What’s more, with many well-to-do children involved in athletics, injuries have led to prescriptions of pain pills. Parents with ample resources and good insurance plans have made fueling painkiller habits brought on by legitimate injuries an increasingly easy pursuit.
“In the wealthier areas, these young adults that have unlimited access to money from their parents or their wealthy families, up to a point, it is very easy to hide,” Sadie Mansfield of Birmingham, Mich., arguably Detroit’s most upscale suburb, told CBS Detroit.1 “Just about everybody I know has become addicted to heroin. And I have lost so many people because of this terrible drug.”

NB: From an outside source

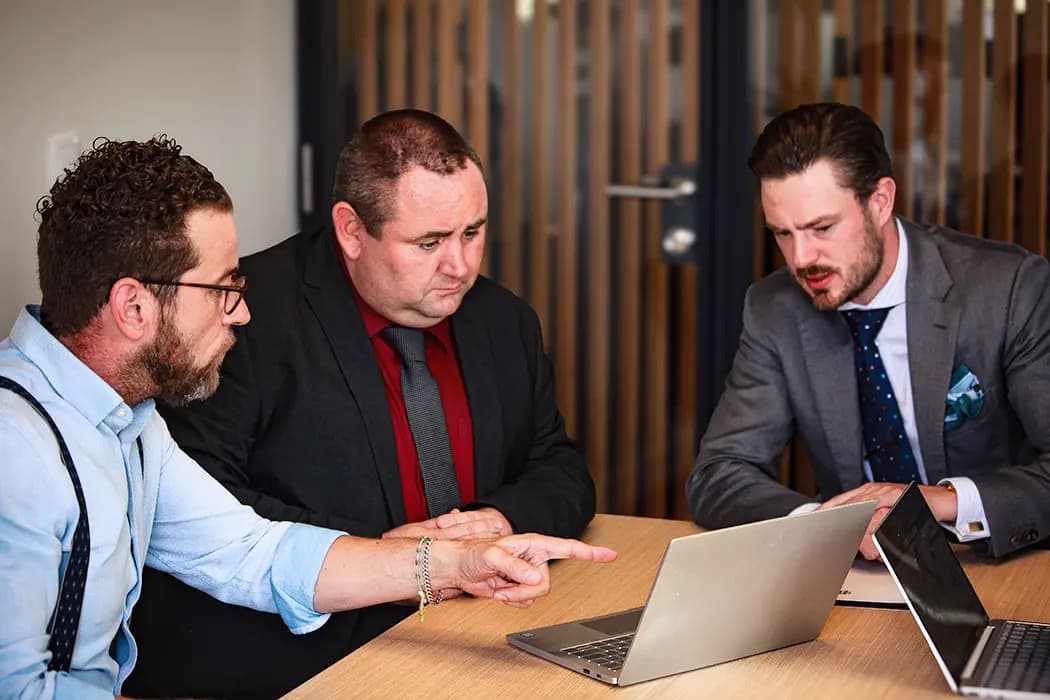 Professional business discussion between colleagues in a private meeting room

That includes her sister, four close friends, and numerous acquaintances.
In the end, wealthy kids from “good” families end up becoming hooked on heroin, which is cheaper than painkillers, by the time they reach their college years and money is tight.
Unfortunately, their addictions have found a best friend called stigma. While no family wants to talk about their child becoming addicted to heroin, well-to-do families often feel held to an even higher standard. When problems with addiction aren’t addressed and acknowledged early, they snowball into even bigger problems, including deadly overdose.
The good news is that parents even in the wealthy communities are finally speaking out, and they are directing their resources to founding organizations to get their children into treatment and well again.
Shooting Up in Front of Mom One Last Time Before Rehab
In an extraordinarily compelling report, the BBC’s Linda Pressly follows Mason Butler, a 26-year-old in the wealthy Cleveland suburb of Avon Lake, to rehab.
“Every time, you have to hope. But when it doesn’t work out, you get more discouraged than the last time,” he tells Pressly as he’s waiting for his mother to pick him up and take him to treatment. “It kind of sucks when you just feel like a chronic relapser.”2
Butler’s story is typical. He took his first painkiller at age 16, prescribed by a doctor for a wrestling injury. “It hit the mark,” he told Pressly. “That was the high I was looking for.”
Butler admits to Pressly that he arranged to meet a drug dealer on his way to rehab. His mother doesn’t realize it until he shoots up in the car after stopping at a fast-food restaurant. “I didn’t realize it,” she tells the reporter. “It’s very stressful. I just want to get him there. And it’s nerve-wracking because I didn’t bring the naloxone kit.”
Naloxone, also known as Narcan, is a drug used to bring back those who overdose from the brink of death when they stop breathing.
In the same BBC report, Lisa Wolanski explains how her son, DJ, overdosed at age 24. He had been in and out of rehab, she said.
She remembers him begging her to have his wisdom teeth out. “I said to him, ‘You only want your wisdom teeth out so you can get pain meds, Daniel.’ He said, ‘That’s not true.’ But for sure, he wanted that medication.'”
Wolanski also lives in Avon Lake. She said rehab attempts failed again and again. She felt her son never stood a chance because the sophisticated dope dealers kept targeting him. “The boys wear those stretchy bracelets (with inspirational recovery slogans like ‘Dopeless Hope Fiend’) and go to the mall,” she told BBC. “And that’s what the dealers look for.'”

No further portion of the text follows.